Maybe Mr. Obama decided during his time as an organizer, which inevitably involved a few victories and many frustrations, that if he couldn't beat those politicians, he would join them. Or maybe, as Mr. Owens and others suspect, he was eyeing an entry into politics all along.
Either way, there was no mystery within his circle about his long-term plans when, after three years of organizing, he decamped for Harvard; his message, upon announcing his departure, was that he would be able to do more good on the other side of the table, with the politicians. But neither was he animated by a particular policy mission; he seems to have believed he would bend the universe's moral arc toward justice – as he would later quote Martin Luther King Jr. – by tackling issues as they arose.
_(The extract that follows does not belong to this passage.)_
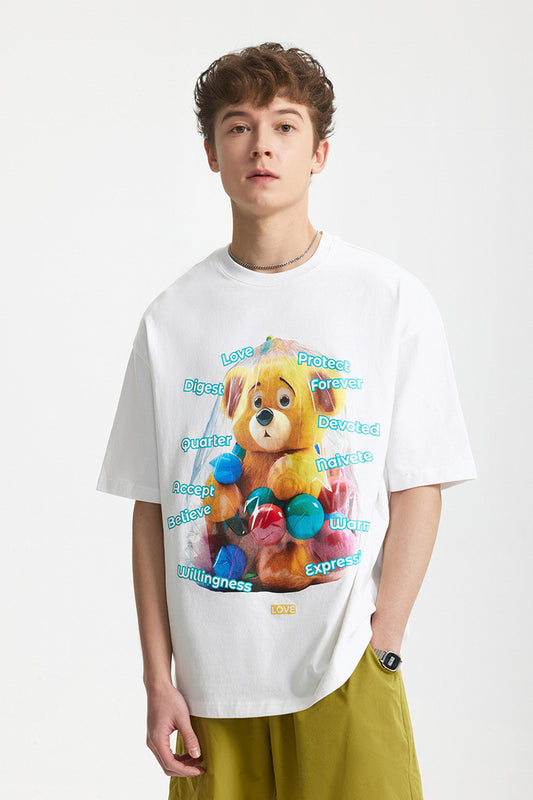Dreamy Plush Tee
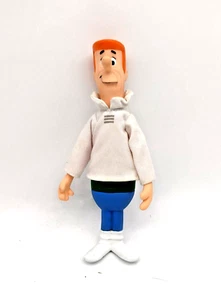 Muñeca de colección George Jetson Hanna Barbara 1990 The Jetsons By Applause nueva sin etiquetas - Imagen 1 de 4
As his time in the White House reaches its end, it's obvious that in many ways, Mr. Obama exceeded the grandest expectations, from back then, of how he might employ his problem-solving skills. As President, he inherited an economy on the brink of collapse, and calmly navigated it to solid ground. He improved his country's image around much of the globe, lifting it from an all-time low. Convinced that health-care reform was the single biggest way to shrink inequality, he achieved reforms that dramatically reduced the number of uninsured Americans. He launched the first serious U.S. effort to tackle climate change. He did all that, and much else, while maintaining an even keel and an integrity that is already prompting nostalgia (and the highest approval ratings since his earliest days in office).
At the same time, it is impossible to ignore what the election of Mr. Trump says about his record, or at least what a large segment of his country thinks about it. The economic recovery has not been balanced; millions of Americans feel cast aside. The neighbourhoods where Mr. Obama once organized are going through some of their toughest – and most violent – times in decades. The world hardly seems a safer place than it was eight years ago, recent horrors in Syria serving as a stark reminder of how his caution and reserve sometimes come off as indifference. And for all his potential to bring people together, the 2016 election showcased a country as divided as ever – along partisan, racial and socioeconomic lines – and deeply pessimistic about its general direction.
Maybe none of this – the legacy of a conspicuously rational president in times that seem to border on the irrational – should be surprising. Especially not when you consider that the signs were all there for how Mr. Obama would address the biggest challenges of his era.
As the economy teetered, a cool aversion to class warfare
"He was so even-tempered," said Loretta Augustine-Herron, a teacher whom Mr. Obama trained as a volunteer back in his organizing days, and who in turn became something of a mother figure to him at the time. "I would be like 'Zing! Boom!' and he would take that second breath and start over."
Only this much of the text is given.